According to a report, the Kwikwasut’inuxw Haxwa’mis First Nation government has launched a Come Back Home plan that will provide housing and health care, education, transportation, and other basic services that will facilitate an eventual return of their people back to their homelands.
The central idea behind this strategy is the development of a tourism-based economy that will replace the once flourishing forestry and fisheries industries which employed many of their people.
The First Nation received CA$50,000 in funding for new camping facilities at Buddy Bay, near the Gilford Island village of Gwa’yas’dums, from the Island Coastal Economic Trust (ICET)’s Capital and Innovation Program.
The project’s budget is CA$324,971. Construction is scheduled to begin in the fall of 2022.
“Our Nation is one of the few First Nations who are still fortunate enough to live in their traditional village site, which we have occupied for thousands of years,” said Kwikwasut’inuxw Haxwa’mis First Nation Chief Rick Johnson.
“Gwa’yas’dums Village remains a strong draw for many of our members who live off reserve and who wish to return home.”
The Come Back Home project has other initiatives that address the public interest in Indigenous ecotourism and cultural experiences including the reconstruction of the Gwa’yas’dums Bighouse in 2014, the acquisition of the Echo Bay Marina and Lodge in 2020, and the completion of an interpretive ecotourism trail in Echo Bay in 2022. All of the initiatives were led by the Kwikwasut’inuxw Haxwa’mis First Nation.
“Gilford Island is the largest island in the world-renowned Broughton Archipelago, and the Village of Gwa’yas’dums is well positioned to become increasingly involved in the area’s growing tourism market,” said Chief Johnson.
“Our new permanent campground at Buddy Bay will be a 10-minute walk from Gwa’yas’dums and will support business investment and attraction related to ecotourism including kayak rentals, marine wildlife sightseeing guide outfits.”
Buddy Bay Campground will offer accommodations for visitors arriving on group kayak tours, self-organized tours, and many other marine excursions.
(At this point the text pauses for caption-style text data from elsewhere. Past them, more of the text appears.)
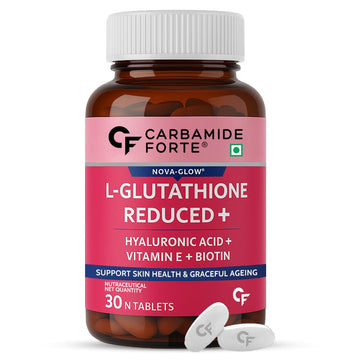 Carbamide Forte Japanese Reduced L Glutathione Tablets 500mg with Vitamin E | Glutathione with Hyaluronic Acid, Vitamin E, Lycopene & Biotin – 30 Veg Tablets Each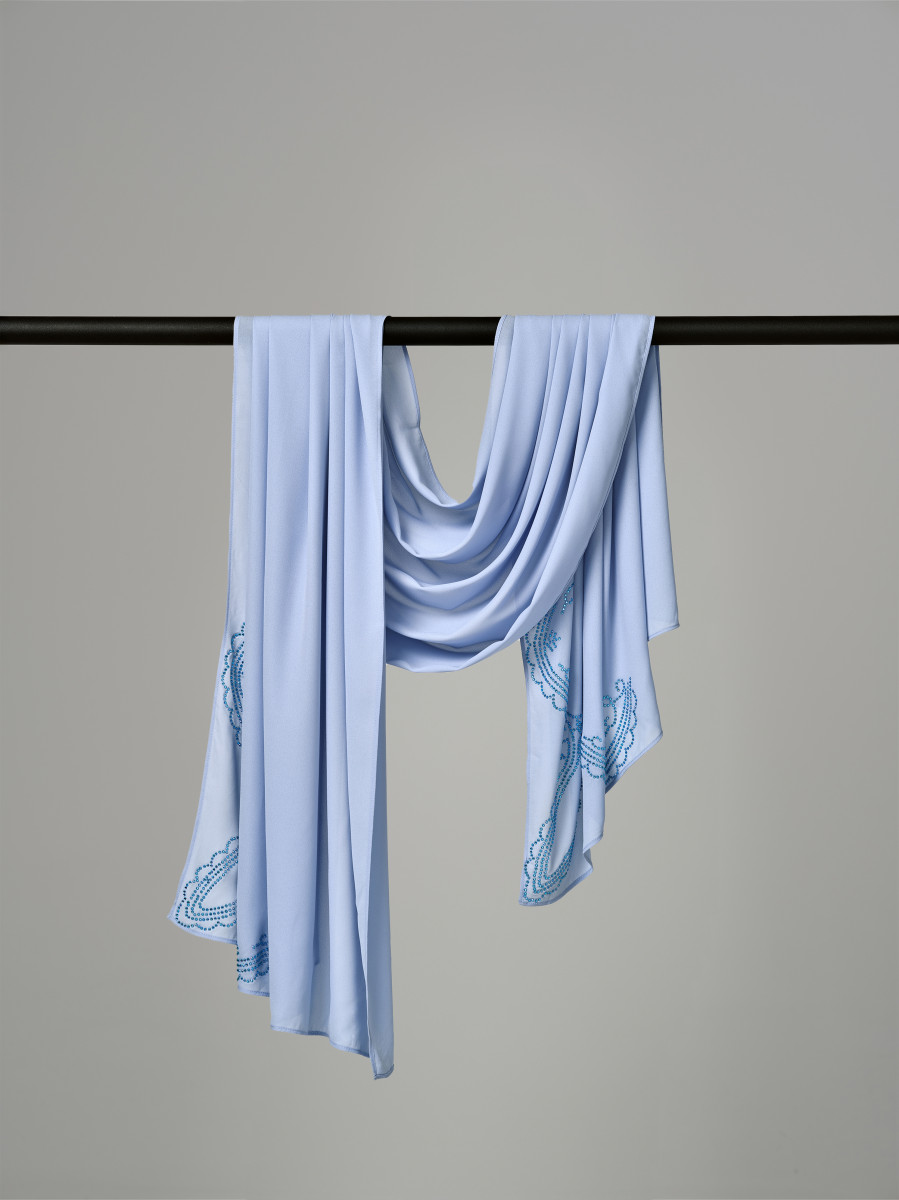Sheer Crêpe - Ice Blue - Wave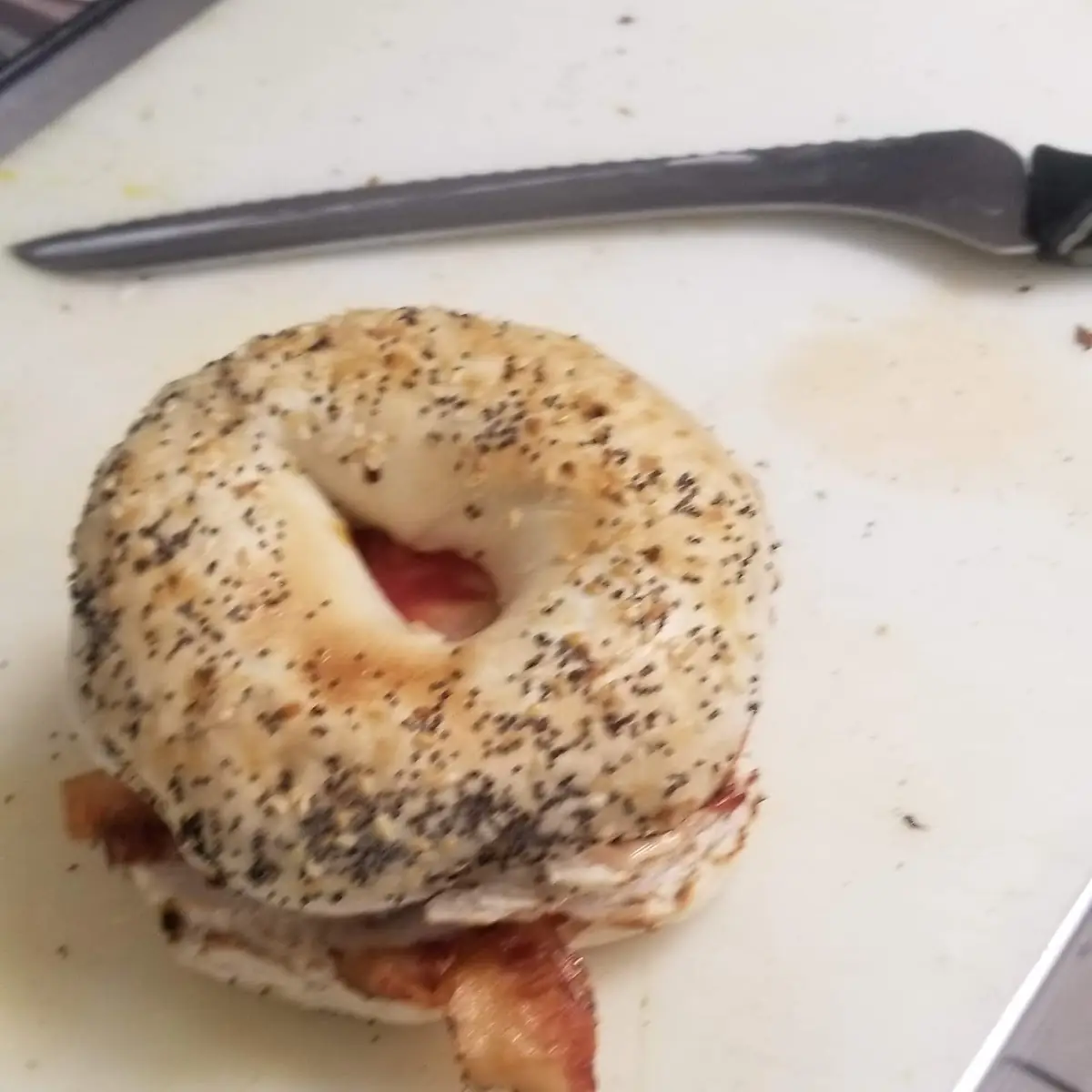 Everything Bagel with Bacon Egg an Pepper Jack Cheese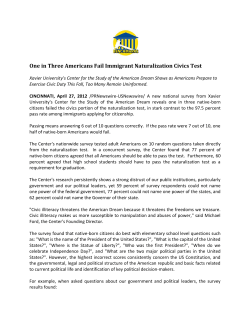 One in Three Americans Fail Immigrant Naturalization Civics Test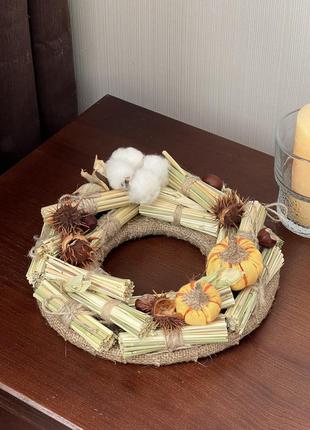 Осенний декор венчик на стол под свечу с тыквами и хлопком венок осень подарок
The campground will feature tent pads and a covered meeting area, an outdoor shower and outhouse, potable water, safety, and cultural interpretive signage, and trail improvements to existing trails to facilitate easy access to the village.
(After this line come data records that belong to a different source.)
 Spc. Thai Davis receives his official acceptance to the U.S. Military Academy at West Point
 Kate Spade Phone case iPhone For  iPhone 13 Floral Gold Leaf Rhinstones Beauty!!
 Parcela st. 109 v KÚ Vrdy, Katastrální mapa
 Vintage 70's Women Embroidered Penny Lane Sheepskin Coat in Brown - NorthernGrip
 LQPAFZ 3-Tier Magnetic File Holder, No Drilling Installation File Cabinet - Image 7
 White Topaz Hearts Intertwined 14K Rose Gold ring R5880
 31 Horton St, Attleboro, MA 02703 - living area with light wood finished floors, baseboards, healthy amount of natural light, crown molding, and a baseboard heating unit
Future offerings could include traditional experiences like meals, marine tours, and cultural excursions facilitated by Kwikwasut’inuxw Haxwa’mis First Nation community members.
“First Nations have and continue to steward these special places which visitors come to experience. Too often in the past, kayakers and ecotourism companies have used the beautiful territories of First Nations without contributing back towards their stewardship,” said ICET chair Aaron Stone.
“By introducing a new tourism experience to the Broughtons, this project will attract visitors to beautiful Gwa’yas’dums where they can experience Kwikwasut’inuxw Haxwa’mis culture and community in a respectful way.”